- _What is required_: In the listing below, locate the line with "20天竺 モックネック７分袖ヤッコTシャツ レディス" and the line with "J. Crew Factory", then output both and everything between them exactly, minus any pictures.

- _Given information_:
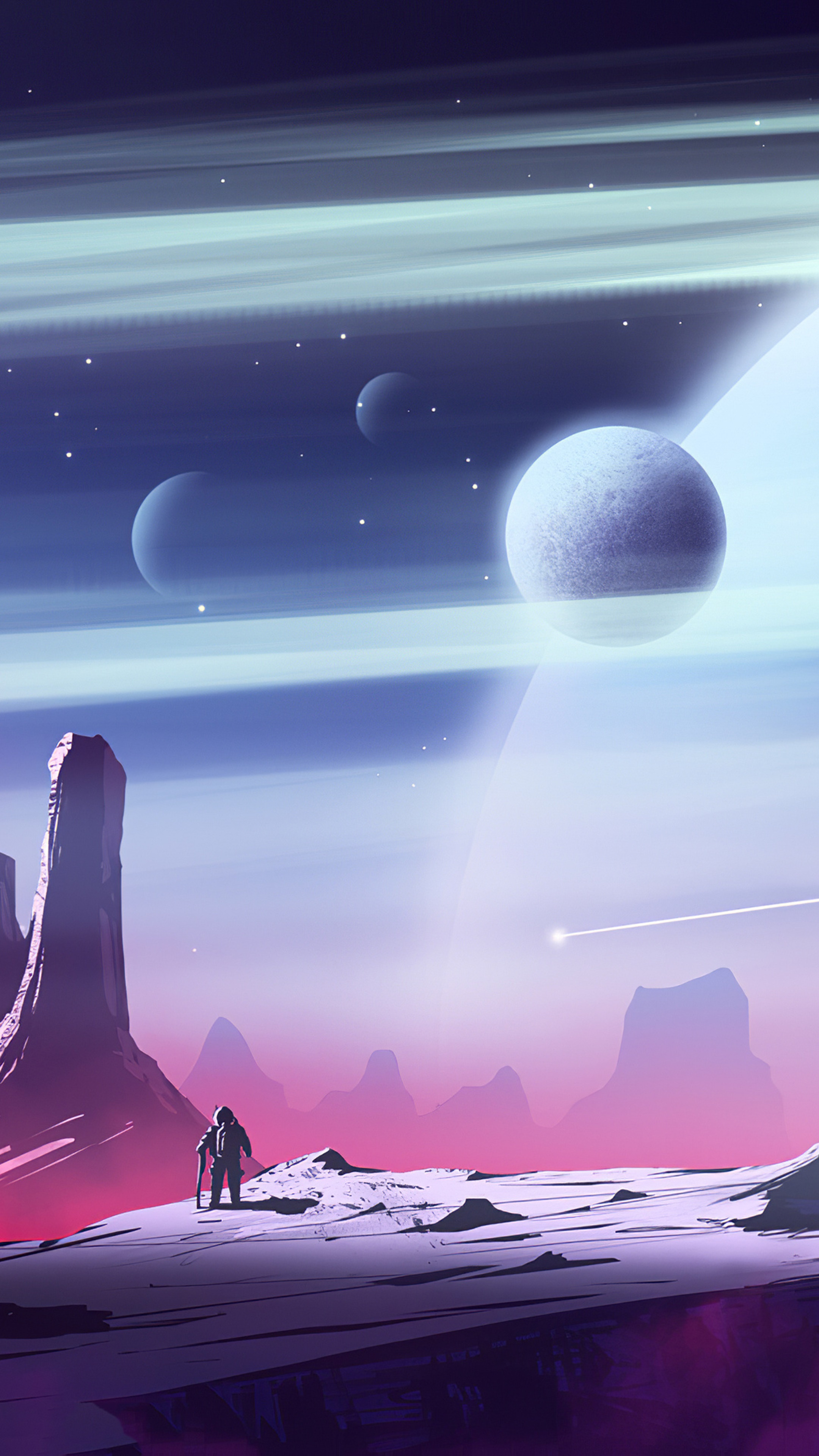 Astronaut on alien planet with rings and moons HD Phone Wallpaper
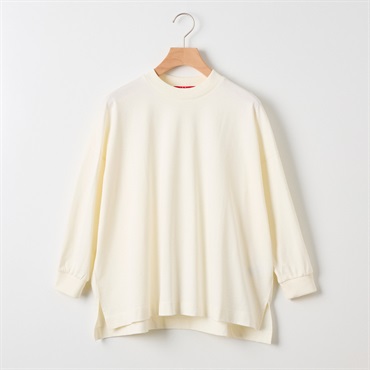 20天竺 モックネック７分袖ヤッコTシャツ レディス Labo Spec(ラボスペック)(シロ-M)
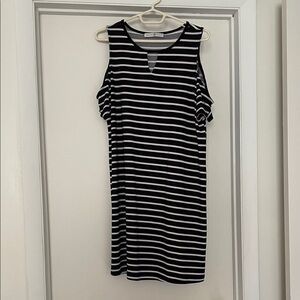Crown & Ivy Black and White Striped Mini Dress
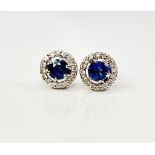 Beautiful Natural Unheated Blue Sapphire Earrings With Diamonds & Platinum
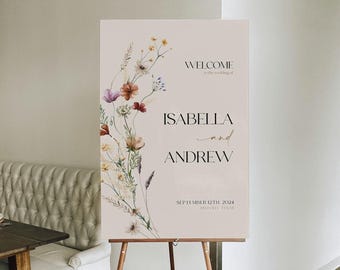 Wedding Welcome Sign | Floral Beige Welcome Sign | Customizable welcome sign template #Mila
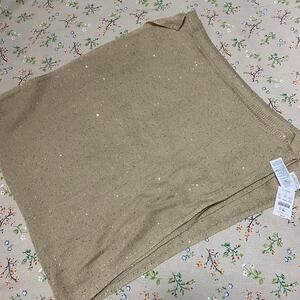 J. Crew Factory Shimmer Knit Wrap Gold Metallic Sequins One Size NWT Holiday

---

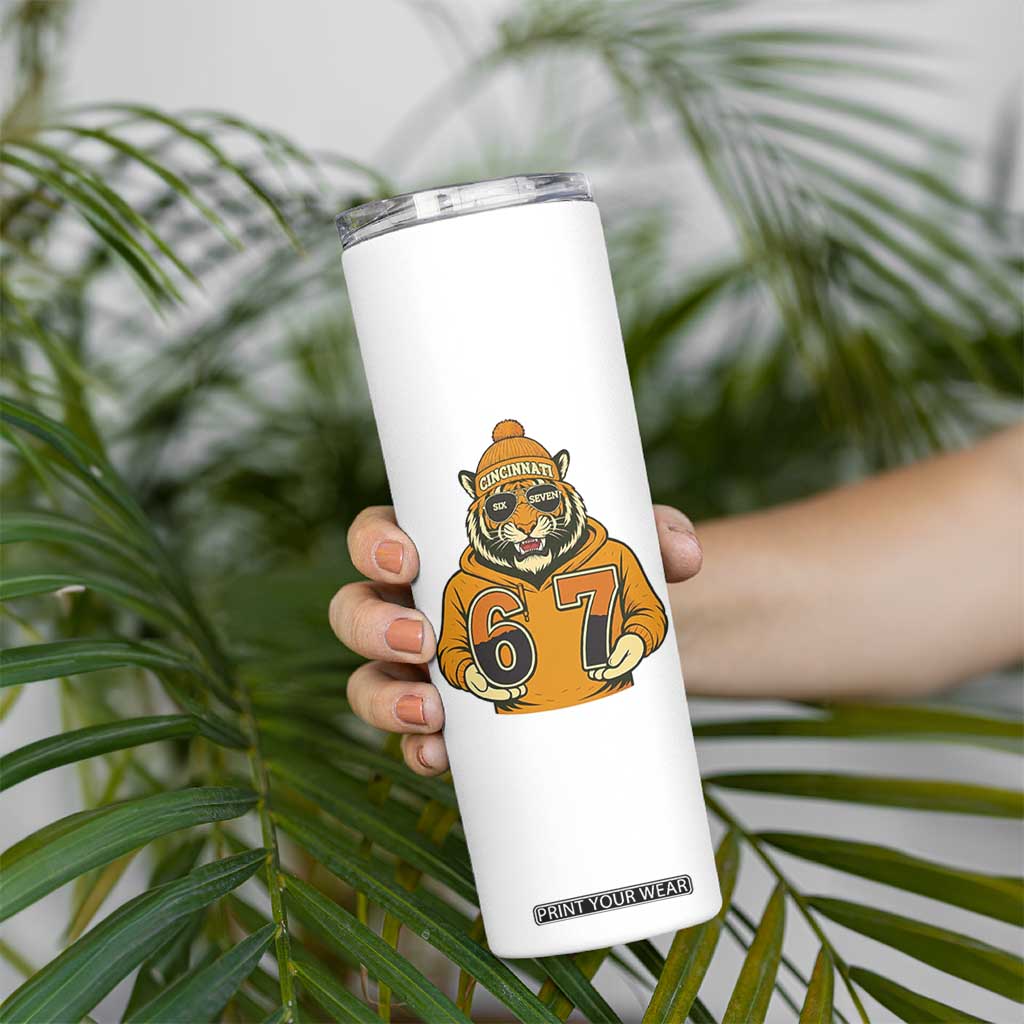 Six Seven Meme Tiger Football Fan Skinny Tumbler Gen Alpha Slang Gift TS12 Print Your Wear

- _Task output_:
 20天竺 モックネック７分袖ヤッコTシャツ レディス Labo Spec(ラボスペック)(シロ-M)
Crown & Ivy Black and White Striped Mini Dress
 Beautiful Natural Unheated Blue Sapphire Earrings With Diamonds & Platinum
 Wedding Welcome Sign | Floral Beige Welcome Sign | Customizable welcome sign template #Mila
 J. Crew Factory Shimmer Knit Wrap Gold Metallic Sequins One Size NWT Holiday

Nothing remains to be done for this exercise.